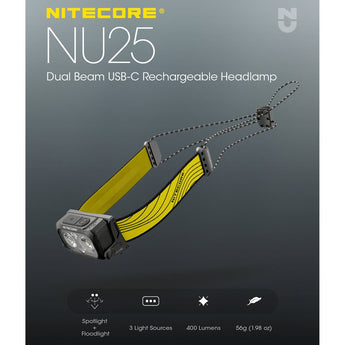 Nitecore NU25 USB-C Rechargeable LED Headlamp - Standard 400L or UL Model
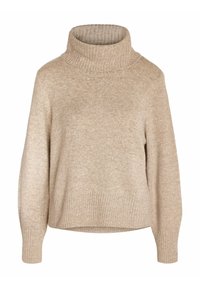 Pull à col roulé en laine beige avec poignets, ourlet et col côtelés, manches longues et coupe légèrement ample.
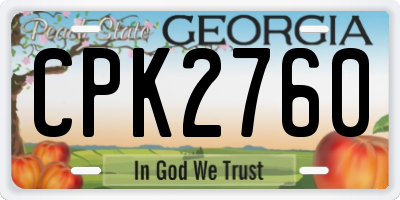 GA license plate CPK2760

---

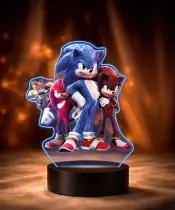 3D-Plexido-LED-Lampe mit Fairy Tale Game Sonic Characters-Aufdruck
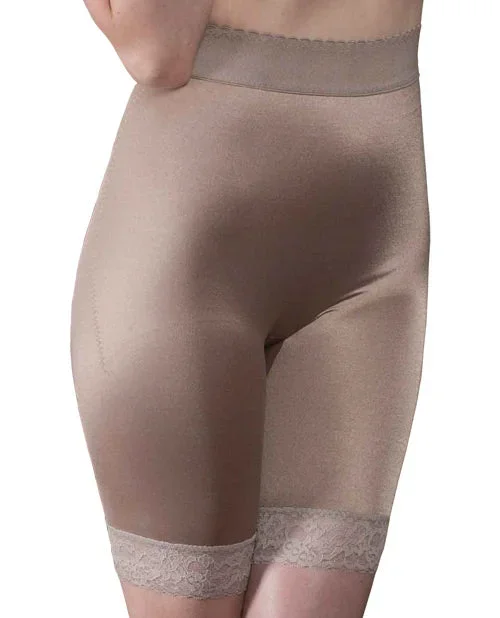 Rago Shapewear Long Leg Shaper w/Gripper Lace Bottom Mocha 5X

--

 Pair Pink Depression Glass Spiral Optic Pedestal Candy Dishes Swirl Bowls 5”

What is required:
Repeat, without pictures, exactly the lines of the data above from the one containing "Nitecore NU25 USB-C" through the one containing "GA license plate CPK2760", including both and adding nothing.

Answer to this problem:
 Nitecore NU25 USB-C Rechargeable LED Headlamp - Standard 400L or UL Model
 Pull à col roulé en laine beige avec poignets, ourlet et col côtelés, manches longues et coupe légèrement ample.
 GA license plate CPK2760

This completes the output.